Title: DIGITAL ELECTRONICS
Catalog Description: EE 432 Digital Electronics (3+0+0)
Basic waveshapes and fundamentals of digital electronics. Principles of
Metaloxide Semiconductor (MOS) transistor, operation of MOS inverters and
gate curcuits (NMOS, CMOS). Principles of bipolar junction transistors
(BJT), operation of BJT inverters and gate circuits (TTL, ECL), semiconductor memories. Prerequisite: EE 334
Coordinator: Yasemin P. Kahya, Professor of Electrical Engineering
Goals: This course is designed to give seniors in electrical engineering an ability to comprehend and analyze the design and operation of digital integrated circuits with the CMOS as the dominant IC technology. The working knowledge of different technologies is presented addressing the transistor-level design issues.
At the end of this course, students will be able to:
Explain and design basic inverter circuits using MOSFET, CMOS and BJT technologies.
Compare different logic families, their operation characteristics and IC structures.
Describe the operation of different load devices in MOS inverters and simple timing and power calculations.
Explain the static design issues such as gate sizing for NANDs, NORs, and complex gates in CMOS technology.
Describe capacitance calculations in CMOS gates.
Calculate CMOS gate switching times and explain gate sizing for optimal delay using logical effort.
Describe and compare TTL and ECL logic families.
Textbook: David A. Hodges, Horace G. Jackson, Resve A. Saleh, Analysis and Design of Digital Integrated Circuits, 3rd ed., Mc Graw Hill Book Company, 2004.
Reference Text: Thomas A. DeMassa, Zack Ciccone, Digital Integrated Circuits, John Wiley & Sons Book Company, 1996
Prerequisites by Topic:
Frequency-domain analysis techniques
Multi-stage amplifiers and their frequency response
Basic skills in PSpice
1. Basic waveshape and digital electronics fundamentals ( 1 Lecture Hour )
Metal-Oxide Semiconductor (MOS) Transistor Fundamentals ( 7 Lecture Hours )
Structure and Operation of the MOS Transistor
Threshold Voltage of the MOS Transistor
First-Order Current-Voltage Characteristics
Velocity-Saturated Current Equations
Capacitances of the MOS Transistor (thin-oxide capacitance, pn junction capacitance, overlap capacitance)
Operation of MOS Inverters ( 8 Lecture Hours )

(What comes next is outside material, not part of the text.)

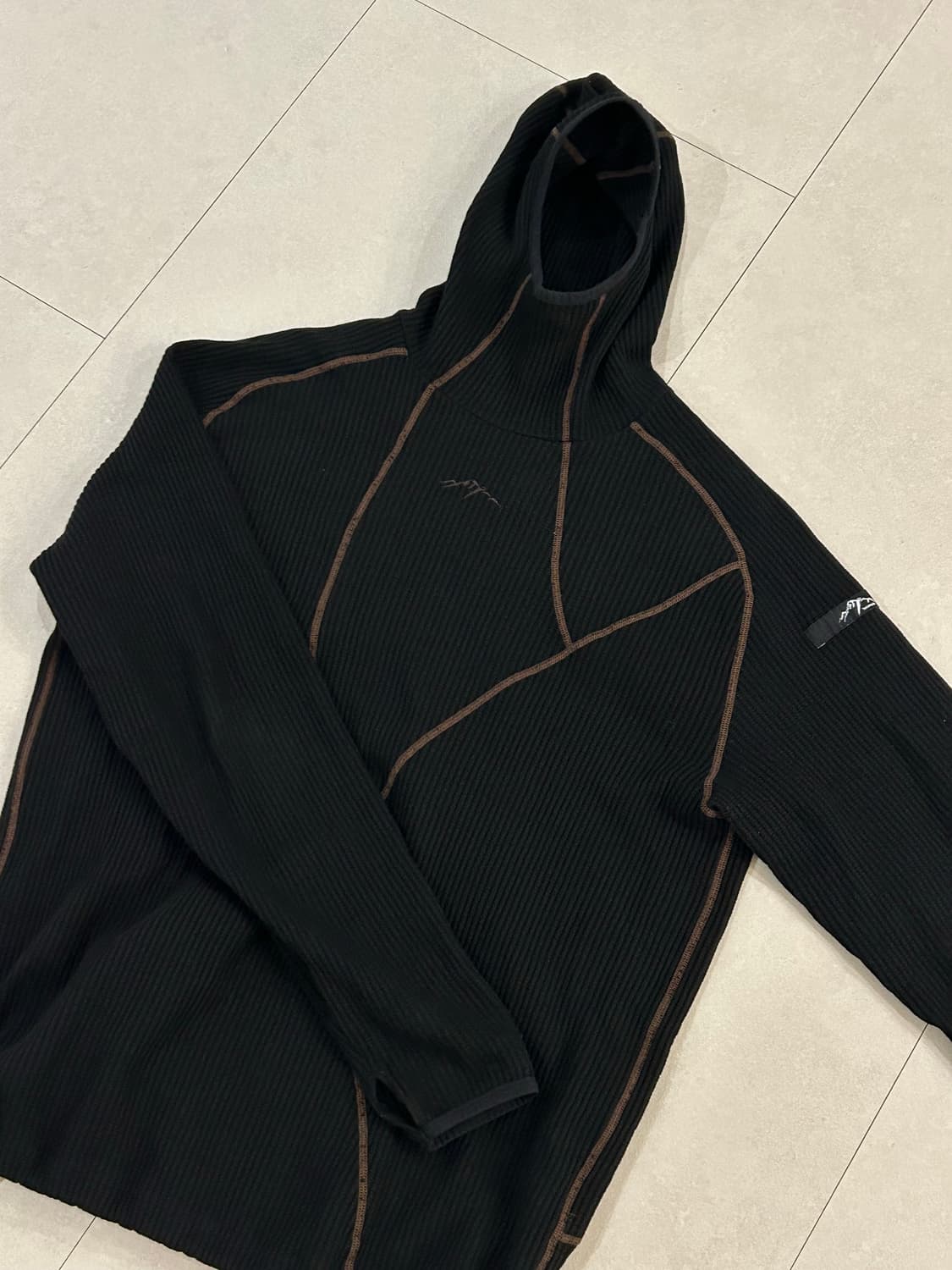 Coldwarm 콜드웜 와플 워머 후디 상품이미지2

Static NMOS Inverter Analysis
Transistors as Load Devices: Saturated Enhancement Load; Linear Enhancement Load
CMOS Inverter Analyis
Static MOS Gate Circuits ( 10 Lecture Hours )
CMOS Gate Circuits (gate sizing, fanin/fanout, VTC)
Complex CMOS Gates
XOR and XNOR Gates
Flip-Flops and Latches (SR latch, JK fip-flop, JK master-slave flip-flop, JK edge-triggered flip-flop, D flip-flop and latches)
Power Dissipation in CMOS (dynamic and static)
High-Speed CMOS Logic Design ( 9 Lecture Hours )
Switching Time Analysis (gate sizing)
Load Capacitance (fanout gate capacitance, self-capacitance, wire capacitance)
Gate Sizing for Optimal Path Delay
Optimizing Paths with Logical Effort (logical effort, branching effort, sideloads)
Bipolar Digital Gate Circuits ( 4 Lecture Hours )
TTL: Standard, Schottky-Clamped
ECL: 10K Series
Course Structure: The class meets for three lectures a week, each consisting of 50-minute sessions. 4-5 sets of homework problems are assigned per semester. There are two in-class mid-term exam and a final exam. There is one PSpice assignment for circuit realization.
Computer Resources: Students are given assignments based on PSpice to realize different logic family circuits.
Laboratory Resources: The PSpice project is carried out in the computer laboratory.
1. Two Midterms ( 20% X 2 = 40% )
2. Final ( 40% )
3. Weekly Homework Assignments and Quizzes ( 10% )
4. One homework assignment using SPICE simulation program ( 10% )
(a) Apply math, science and engineering knowledge. This course is about general digital electronic circuit principles and applications using different logic families. Different tools from mathematics (differential equations, complex variables) in frequency domain analysis as well as from sciences (physics) in device modeling and engineering (electronics) in circuit analysis and design are heavily drawn upon during lectures, homework sets, exams and PSpice assignments.
(c) Design a system, component or process to meet desired needs. Designing digital circuits using different logic families constitute an important component of course material. The design approach is further reinforced in Pspice assignments which involve designing digital circuits using different families.
(g) Ability to communicate effectively. Students are required to write a laboratory report on their PSpice assignments and part of the grade is based on the writing style, technical content and presentation quality.
(k) Use of modern engineering tools. Students use PSpice for their homework and project assignments.